And then there are those dogs: Monday, who trots blithely alongside Tuesday, who together feel like the size of the rest of the week. “We spend a lot of time with family,” Emily says.
Family time befits a family business, of course: Bode is run by Emily and Aaron and Aaron’s brother, Dev. And family time, in the Bode world, also shakes up the well for inspiration. Case in point: The spring 2026 collection that premiered in Paris shortly after her birthday is an homage to an extended relation by marriage—Bill Charlap, the Grammy-winning jazz pianist, whose father, Moose Charlap, was the composer best known for the 1954 Broadway hit Peter Pan and the 1966 live musical of Alice Through the Looking Glass. The younger Charlap married Aaron’s aunt, and on holidays gave Emily, by relaying his father’s stories, glimpses into the 1950s Paris and New York that inspired her latest collection.
The resulting salon–cum–fashion show was consummate Bode in that it ignored the basic rules of Paris fashion shows. A photographer who showed up early at Paris’s Théâtre National de l’Opéra-Comique and asked to be pointed toward models on a runway was startled to learn that the clothes were arranged in miniature on tiny 12-inch-tall dolls, the event more like a series of maquettes or a film or a Bode-esque theater of the everyday. Likewise, the looks were associated with not one season, but several, making room for play and time for ideas to grow. “I do think that’s the beauty of the way Aaron and I work,” Emily says. “We want the opportunity to create a world in which we can dive deeper into what inspires us—we can actually spend years on something, researching and working with the materials or the techniques that we’ve fallen in love with in many different iterations.”
Replacing the runway walk was Charlap, mostly musing on craft, the big Bode theme—at a piano, he played a tune and, deploying deep skill and an array of references, transformed it into something more magnificent, something that made Maggie Rogers beam from her seat in the audience. “Craft is where it’s all at,” Charlap said.
Especially for Bode, in this case exploring the Paris of the elder Charlap.

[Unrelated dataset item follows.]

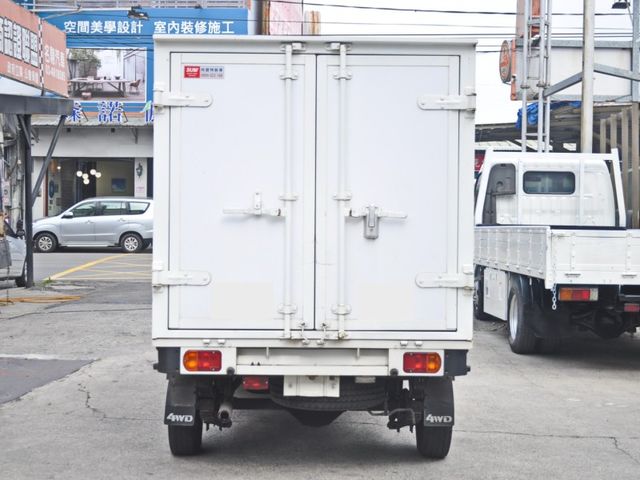 Mitsubishi Veryca  第10張相片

The dolls were like sketches, and among the pieces born from these miniature looks was a flapper dress inspired by Bal Bullier, the Belle Époque Parisian dance hall that, in 1913, Sonia Delaunay famously depicted in a panorama of moving color. The Bode dress is immaculately detailed with bronze beads and crystal rhinestones, like wearable architecture. A gilt jacket’s wide collar, meanwhile—detailed with gold bullion embroidery discovered on a towel from the Ottoman Empire—has a grosgrain ribbon for a dreamlike tie. The Velvet Bannister Dress, with row upon row of hand-applied velvet ribbon, channels Paris in the 1880s.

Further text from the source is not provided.